He is unrepentant about his role in what he insists was rough but real justice for a dictator with blood on his hands, and managed to secure the convictions of a handful of leaders for ordering troops to fire on protesters and other crimes during the revolution.
As time passes, victims and perpetrators of crimes dating to the 1950s are dying. The hopes of those who wanted to see someone pay for the death of a parent, the torture of a spouse or other mistreatment were raised when the European court in Strasbourg ruled that there was no statute of limitations on crimes against humanity.
But the Institute for the Investigation of Communist Crimes and Memory of the Romanian Exile, which is meant to be spearheading efforts to hold historical abusers to account, has not got far. A list of nearly 170 potential targets for prosecution, published in 2007, has so far produced no convictions. A single trial finally began this autumn, but is proceeding at a glacial pace. “Nobody was ever convicted,” says the institute head, Cosmin Budeanca. “A few cases are open in front of prosecutors, but we need political will for something to happen.”
A political appointee himself, critics say Budeanca is happy to drag his feet. He insists he is boxed in by lack of resources and intransigence from government officials unenthusiastic about revisiting the past. “Politicians’ resumés start from the 1990s, because what came before was not comfortable to present to the population,” he says.

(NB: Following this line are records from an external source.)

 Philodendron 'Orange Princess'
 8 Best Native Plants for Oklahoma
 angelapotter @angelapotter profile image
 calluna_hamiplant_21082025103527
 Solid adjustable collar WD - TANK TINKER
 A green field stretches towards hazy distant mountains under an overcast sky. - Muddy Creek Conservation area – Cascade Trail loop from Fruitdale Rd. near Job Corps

There are no prosecutors who specialise in crimes against humanity, he says, and there is a staff of only 36 to fight the bureaucracy. The justice ministry archives are out of bounds and interior ministry and former security service archives restricted.

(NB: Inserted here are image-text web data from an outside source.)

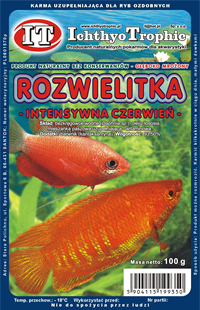 Rozwielitka intensywna czerwie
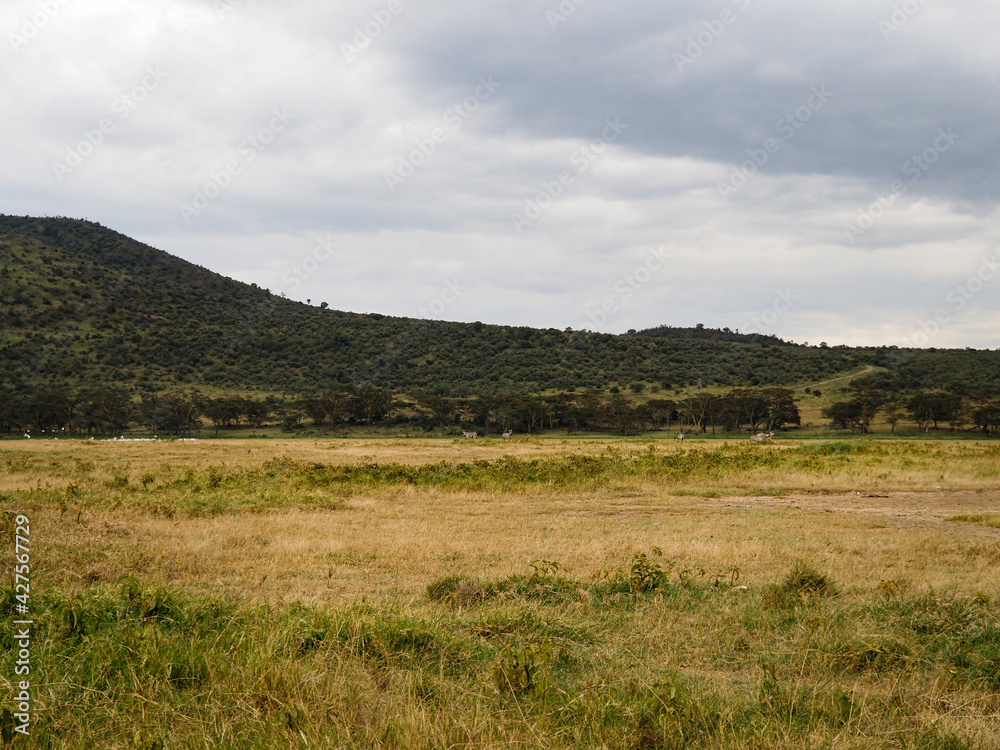 Scenic view across Lake Nakuru National Park, Kenya, Africa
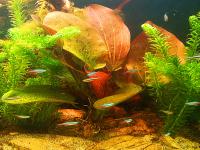 Echinodorus Paul Klocker- żabienica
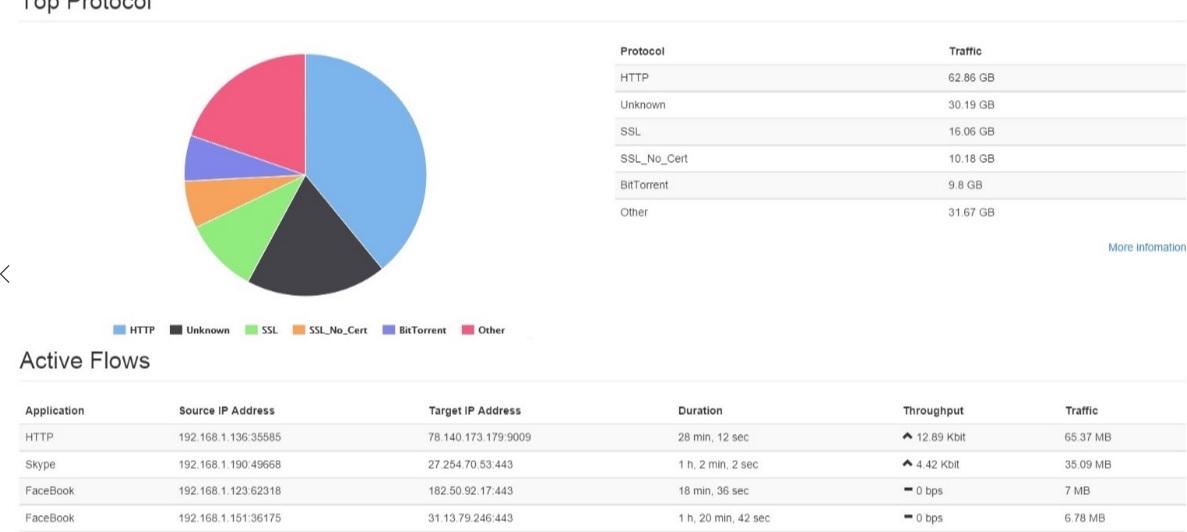 Log Active Flows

“It’s never too late for the truth to come out,” analyst Stefan insists. “Failure to deal with the recent past has a lot of relevance for how we are as a society today.”
One aspect is a growing nostalgia for Ceausescu’s rule, including among Romanians who were spared rationing, propaganda and political controls. More than a third of teenagers born and raised after 1989 think life was better under communism than it is today, a 2011 survey by the Soros foundation found. A quarter of them never had a single class on the era at school.

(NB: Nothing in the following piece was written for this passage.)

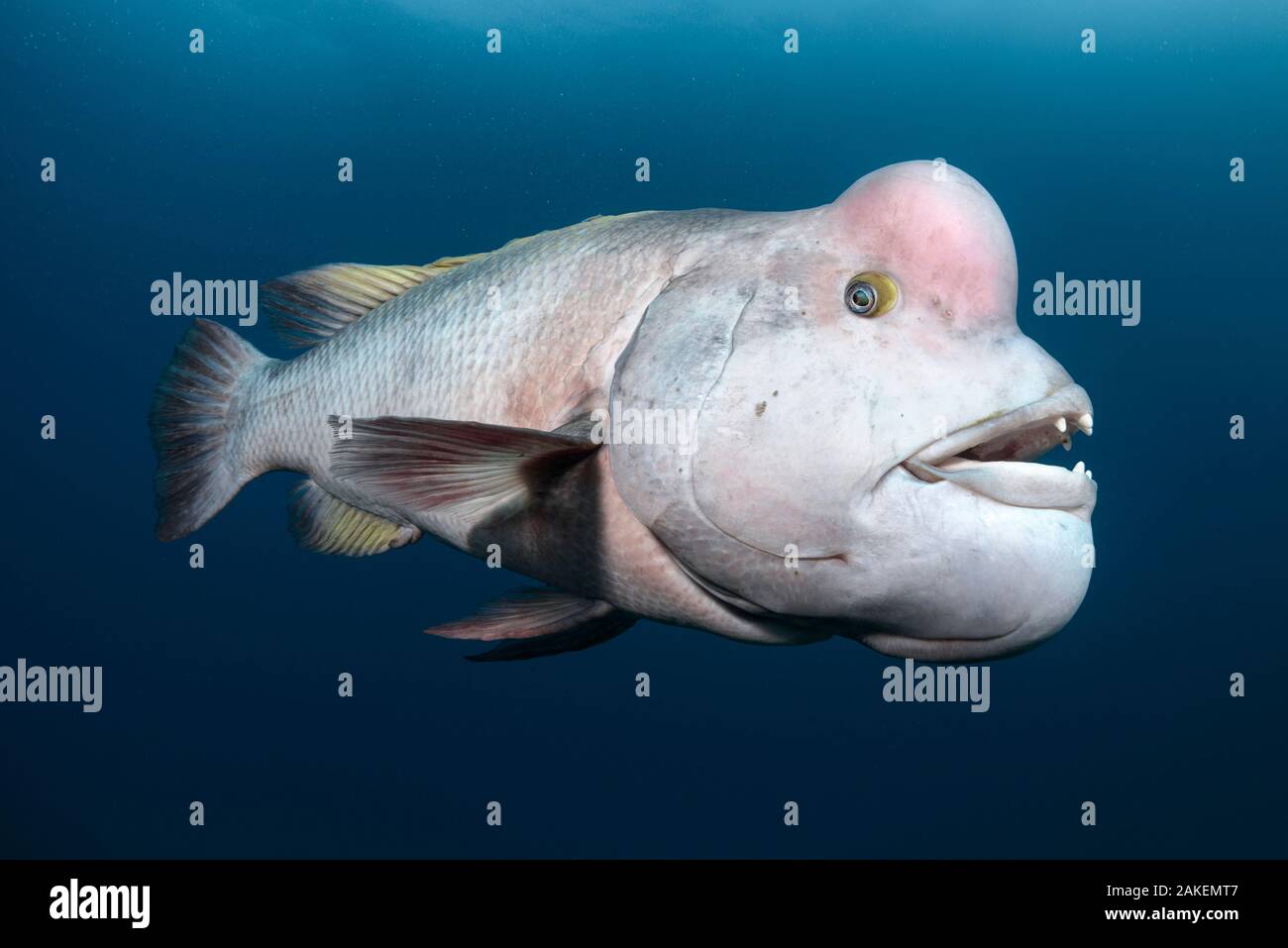 Asian sheepshead wrasse (Semicossyphus reticulatus), maschio in bianco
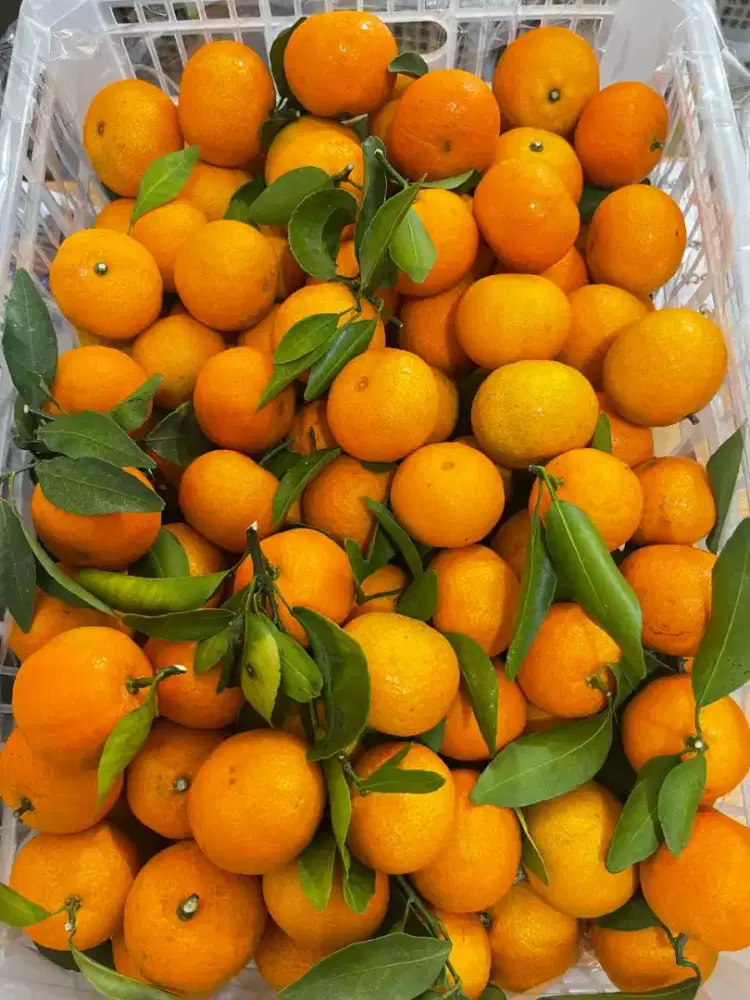 Kurir buah part time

“Romanian society and, most of all, the young generation is forgetting about the evils of communism,” research co-ordinator Ovidiu Voicu told a Romanian newspaper when the research was published. “It is from this point that we begin the debate on including the history of communism in the education system, and try to find an answer to the question of how to avoid repeating past mistakes.”
The deprivations included government-controlled neighbourhood central heating systems that kept whole blocks of flats at less than 10 degrees during frigid winters, and queues for food at department stores that started around 2am, even though people had no idea what they were waiting to buy.
“I always feel I have to have a fridge full of food, my wife and I argue about it. I think it’s because ours was always empty when I was a child,” said Budeanca. For years, Stefan gagged at the thought of shrimps, because of the crackers they were fed as children, made in North Korea from the ground-up shells of crustaceans.
“Communism’s great victory was the creation of a people without a memory,” warns a plaque at the memorial institute set up by Blandiana and Rusan. That grim achievement still apparently haunts the country, long after communism was banished.
But the protesters who helped to propel Iohannis to power on the back of his promises of change say they will not allow another revolution to be stolen.
“They roused five million people to vote,” said George Epurescu, a physics lecturer and president of protest group Romania Without Them. “That is a dangerous weapon, because they got their votes but have also awakened these people.”